As I am growing closer to Christ and preparing for the year of divine focus toward destiny, I see that Christ is also teaching me about who I am. Now, when I think "Identity" I don't think about things specific to me but more so all Christians, as we are all His children. Although as I am about to start this journey I see that I will be learning about who "Liberty" is. My loves, likes, dislikes, and challenges-today I was able to get a small glimpse into what this next year will be like. My breath is taken away as God is showing me that He cares about His children down to every last detail-what love.
For me to say today was a busy day would be an understatement, after having two weekdays and a weekend to recuperate from a horrible bug- I had to go back into the office at full throttle. I had been planning a big meeting for two weeks now and of course the meeting would fall on my first day back. (sigh) Knowing that today was going to be a big day, I dressed for success; I wore my navy blue pinstripe suit and some navy heels. As I walked past glass buildings throughout the day, every now and then catching a glimpse of myself in the mirror I thought "I don't like heels". This thought acted as both an epiphany and the start of my journey of self-discovery- I have always been a maryjane kind of girl.
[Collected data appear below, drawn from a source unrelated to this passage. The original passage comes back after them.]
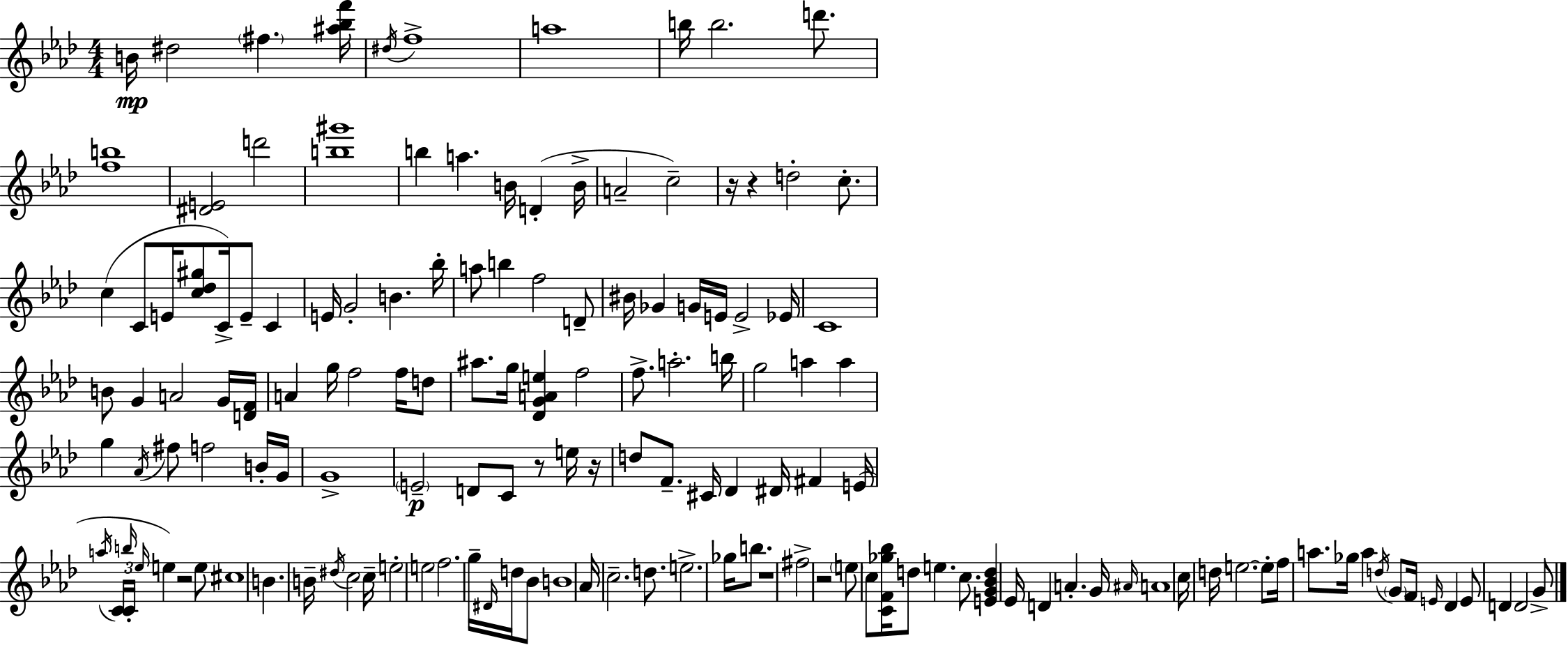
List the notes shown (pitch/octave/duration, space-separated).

B4/s D#5/h F#5/q. [A#5,Bb5,F6]/s D#5/s F5/w A5/w B5/s B5/h. D6/e. [F5,B5]/w [D#4,E4]/h D6/h [B5,G#6]/w B5/q A5/q. B4/s D4/q B4/s A4/h C5/h R/s R/q D5/h C5/e. C5/q C4/e E4/s [C5,Db5,G#5]/e C4/s E4/e C4/q E4/s G4/h B4/q. Bb5/s A5/e B5/q F5/h D4/e BIS4/s Gb4/q G4/s E4/s E4/h Eb4/s C4/w B4/e G4/q A4/h G4/s [D4,F4]/s A4/q G5/s F5/h F5/s D5/e A#5/e. G5/s [Db4,G4,A4,E5]/q F5/h F5/e. A5/h. B5/s G5/h A5/q A5/q G5/q Ab4/s F#5/e F5/h B4/s G4/s G4/w E4/h D4/e C4/e R/e E5/s R/s D5/e F4/e. C#4/s Db4/q D#4/s F#4/q E4/s A5/s C4/s B5/s C4/s Eb5/s E5/q R/h E5/e C#5/w B4/q. B4/s D#5/s C5/h C5/s E5/h E5/h F5/h. G5/s D#4/s D5/s Bb4/e B4/w Ab4/s C5/h. D5/e. E5/h. Gb5/s B5/e. R/w F#5/h R/h E5/e C5/e [C4,F4,Gb5,Bb5]/s D5/e E5/q. C5/e. [E4,G4,Bb4,D5]/q Eb4/s D4/q A4/q. G4/s A#4/s A4/w C5/s D5/s E5/h. E5/e F5/s A5/e. Gb5/s A5/q D5/s G4/e F4/s E4/s Db4/q E4/e D4/q D4/h G4/e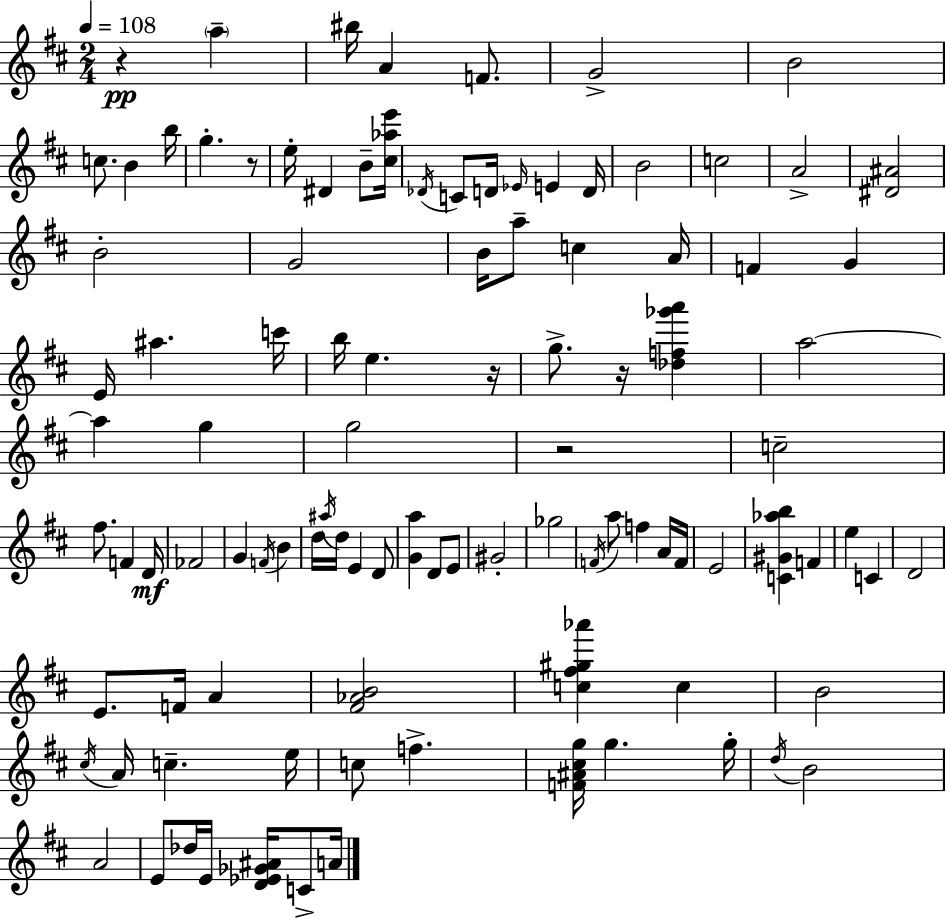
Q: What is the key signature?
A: D major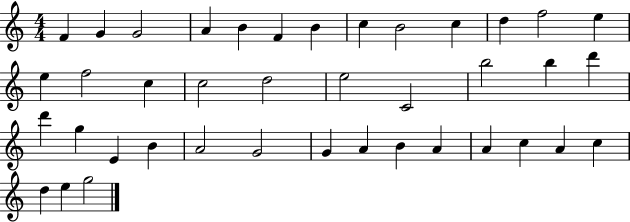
F4/q G4/q G4/h A4/q B4/q F4/q B4/q C5/q B4/h C5/q D5/q F5/h E5/q E5/q F5/h C5/q C5/h D5/h E5/h C4/h B5/h B5/q D6/q D6/q G5/q E4/q B4/q A4/h G4/h G4/q A4/q B4/q A4/q A4/q C5/q A4/q C5/q D5/q E5/q G5/h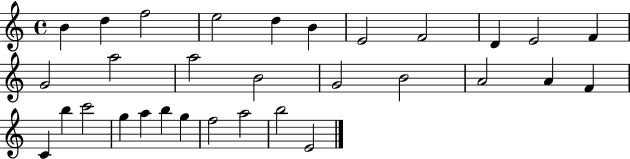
{
  \clef treble
  \time 4/4
  \defaultTimeSignature
  \key c \major
  b'4 d''4 f''2 | e''2 d''4 b'4 | e'2 f'2 | d'4 e'2 f'4 | \break g'2 a''2 | a''2 b'2 | g'2 b'2 | a'2 a'4 f'4 | \break c'4 b''4 c'''2 | g''4 a''4 b''4 g''4 | f''2 a''2 | b''2 e'2 | \break \bar "|."
}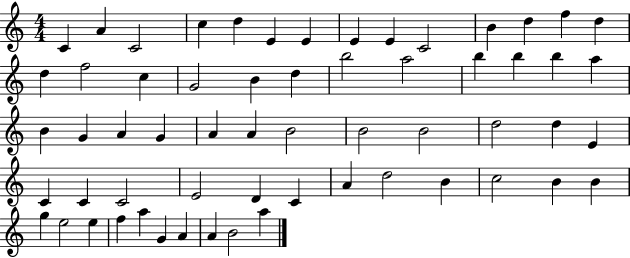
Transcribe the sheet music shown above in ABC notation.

X:1
T:Untitled
M:4/4
L:1/4
K:C
C A C2 c d E E E E C2 B d f d d f2 c G2 B d b2 a2 b b b a B G A G A A B2 B2 B2 d2 d E C C C2 E2 D C A d2 B c2 B B g e2 e f a G A A B2 a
Stiletto heels came into play when I was trying to acquire a certain image in the past......"accepted sophistication". As stated before in previous blogs, I came from a place of low-self esteem and accommodation- my style of dress was no different, I took recommendations. Well today I found out....I don't like heels and because there is no law, I am committing to changing the things I can. So, overtime I plan to get some cute fashionable shoes that compliment me (and donate the others)- as God allows and the budget permits of course, this was my first discovery that day.
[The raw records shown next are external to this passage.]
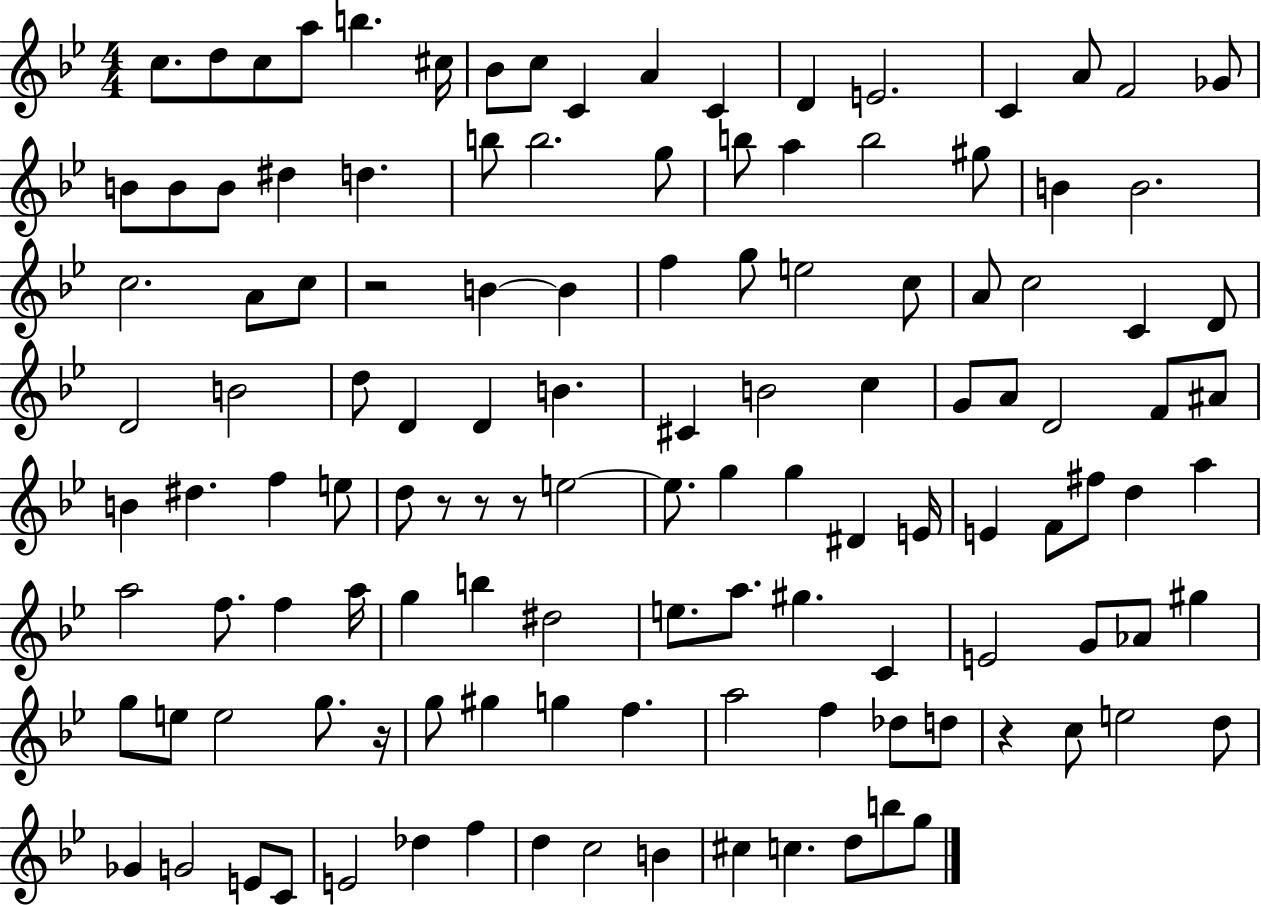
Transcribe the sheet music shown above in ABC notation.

X:1
T:Untitled
M:4/4
L:1/4
K:Bb
c/2 d/2 c/2 a/2 b ^c/4 _B/2 c/2 C A C D E2 C A/2 F2 _G/2 B/2 B/2 B/2 ^d d b/2 b2 g/2 b/2 a b2 ^g/2 B B2 c2 A/2 c/2 z2 B B f g/2 e2 c/2 A/2 c2 C D/2 D2 B2 d/2 D D B ^C B2 c G/2 A/2 D2 F/2 ^A/2 B ^d f e/2 d/2 z/2 z/2 z/2 e2 e/2 g g ^D E/4 E F/2 ^f/2 d a a2 f/2 f a/4 g b ^d2 e/2 a/2 ^g C E2 G/2 _A/2 ^g g/2 e/2 e2 g/2 z/4 g/2 ^g g f a2 f _d/2 d/2 z c/2 e2 d/2 _G G2 E/2 C/2 E2 _d f d c2 B ^c c d/2 b/2 g/2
A small yet simple pleasure was the small sliver of almond cake I cut for myself outside of the supervisor's office. The Director prepared a cake for the office and it was superb* (something else I like, almond cake)
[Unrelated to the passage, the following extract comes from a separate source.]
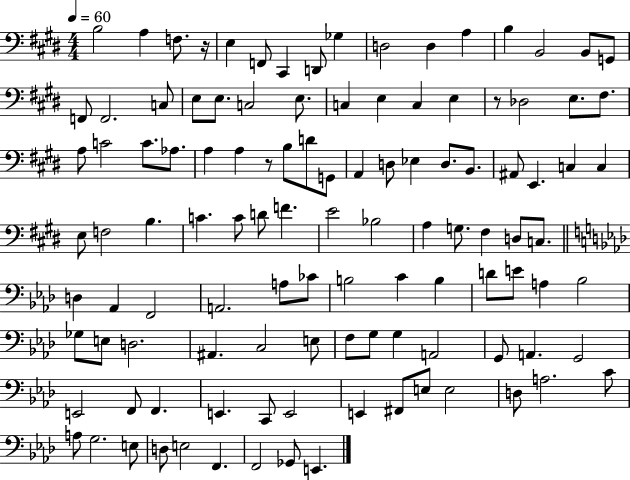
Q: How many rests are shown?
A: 3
In my hustle and bustle I did not manage to eat breakfast and rushed lunch (I only had a quick small salad), not getting a good amount of sleep the night before, I was tired and decided to grab a gatorade as a pick me up. Still running, later on in the evening as I was on the way to meet with a friend, I was exhausted and had to cut the visit short. I ran full speed all day without stopping, in the silence of my drive home (in haste because I did not feel well) God showed me all the fast action of the day and how I constantly neglected my needs-this hit me like a ton of bricks. So, not only was I learning about the little joys that make me tick but also some serious changes that need to be made - wow, balance.
I thought "Ok Lord, I like this, we are working on the complete woman" (C'mon 2010).